Start of Block
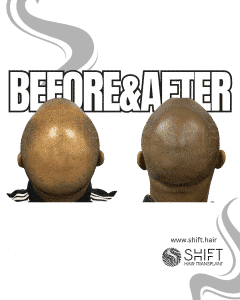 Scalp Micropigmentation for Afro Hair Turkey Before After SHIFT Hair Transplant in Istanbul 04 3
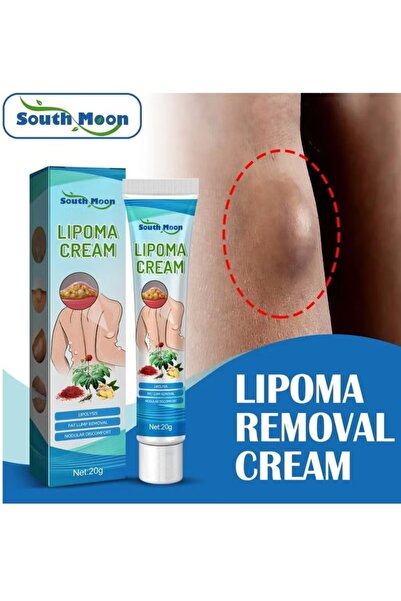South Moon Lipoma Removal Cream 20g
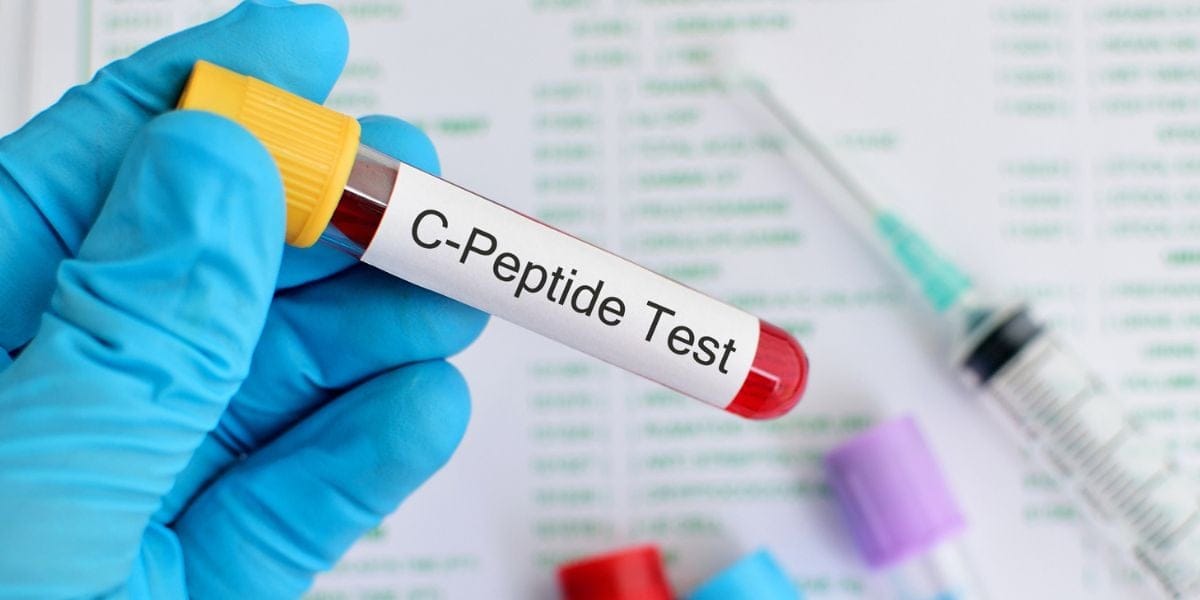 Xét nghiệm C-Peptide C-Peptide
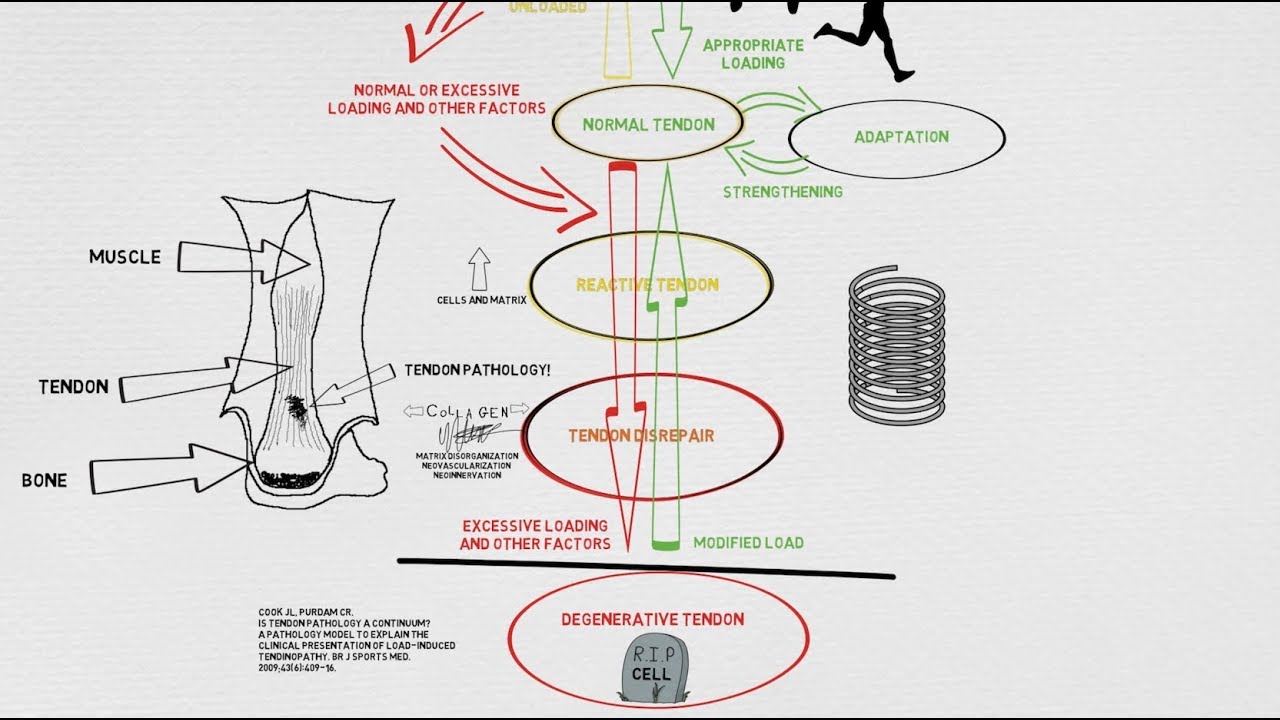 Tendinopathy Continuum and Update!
End of Block
Start of Block
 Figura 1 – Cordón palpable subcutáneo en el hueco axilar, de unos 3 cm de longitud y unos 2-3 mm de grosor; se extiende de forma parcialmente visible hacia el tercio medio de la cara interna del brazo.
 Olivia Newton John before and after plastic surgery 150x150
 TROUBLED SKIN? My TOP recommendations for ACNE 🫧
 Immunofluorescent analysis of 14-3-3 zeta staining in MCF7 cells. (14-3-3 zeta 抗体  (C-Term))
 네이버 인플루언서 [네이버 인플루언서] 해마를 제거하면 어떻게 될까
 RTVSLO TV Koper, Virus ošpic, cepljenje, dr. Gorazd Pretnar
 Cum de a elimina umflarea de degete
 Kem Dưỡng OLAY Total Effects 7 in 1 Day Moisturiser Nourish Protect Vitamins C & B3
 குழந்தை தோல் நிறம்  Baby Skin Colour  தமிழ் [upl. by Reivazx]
End of Block
Exercise prompt:
Where a picture appears in the records above, omit it, and transcribe exactly the stretch of lines from the one with "Xét nghiệm C-Peptide C-Peptide" through the one with "Tendinopathy Continuum and Update!".

Output for this task:
 Xét nghiệm C-Peptide C-Peptide
 Tendinopathy Continuum and Update!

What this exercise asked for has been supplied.